The networks are running a riveting 911 call audio tape of an elderly woman describing in detail the efforts, for over ten minutes, of an intruder to gain entry to her home.
“They need to hurry. He’s going to break this thing open. When he does, I’ll have to kill him and I don’t want to kill him,” Jackson said during the 911 call.
Gun in hand, she asks the dispatcher for guidance, essentially seeking legal advice. Can she kill him?

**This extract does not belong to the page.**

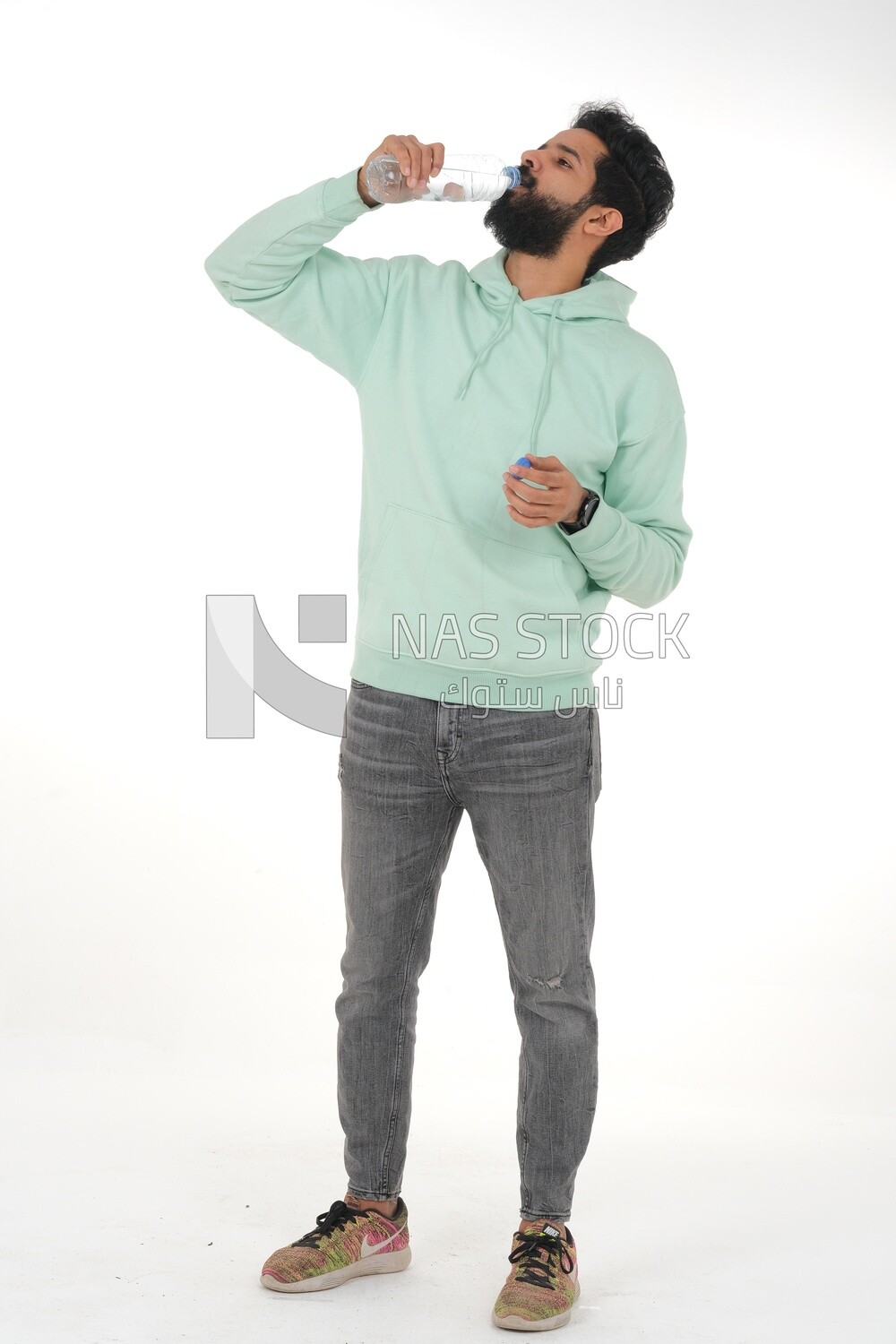 Saudi man wearing casual clothes, drinking from a water bottle, Saudi model, white background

The dispatcher seeks counsel from a colleague and in essence, gives her the go-ahead to use lethal force and potentially take his life if he gains entry.
And he gone done it.
Using patio furniture to smash through a window, convicted felon Billy Dean Riley didn’t realize he just brought a lawn chair to a gun fight.
“Once he smashed the glass out he stepped into the residence and she used the shotgun to fire one shot which hit the intruder center of the chest and (he) fell back out of the house”
He be dead.
Is she in trouble?
No.
Many states including Oklahoma have adopted the “Castle Doctrine” which essentially stipulates a homeowner can defend his or her home from an intruder with deadly force and can deliberately shoot to kill without legal consequence (save the resultant need for carpet cleaning).
A Castle Doctrine (also known as a Castle Law or a Defense of Habitation Law) is an legal doctrine that arose from English Common Law that designates one’s place of residence (or, in some states, any place legally occupied, such as one’s car or place of work) as a place in which one enjoys protection from illegal trespassing and violent attack. It then goes on to give a person the legal right to use deadly force to defend that place (his/her “Castle”), and/or any other innocent persons legally inside it, from violent attack or an intrusion which may lead to violent attack. In a legal context, therefore, use of deadly force which actually results in death may be defended as “Justifiable homicide” under the Castle Doctrine.
Oklahoma happens to be a “Castle State,” while others have a “duty to retreat” clause wherein the homeowner has a duty to get out of the way of the would-be offender, others grant the homeowner a “stand your ground” clause. I was curious as to the Status of Minnesota.
The intentional taking of the life of another is not authorized by section 609.06, except when necessary in resisting or preventing an offense which the actor reasonably believes exposes the actor or another to great bodily harm or death, or preventing the commission of a felony in the actor’s place of abode.
Minnesota as it were, is a stand your ground state as long as you are in your home. It gets murky outside the home and in public areas, despite attempts to strengthen the law in the interest of would-be victims of violent crimes.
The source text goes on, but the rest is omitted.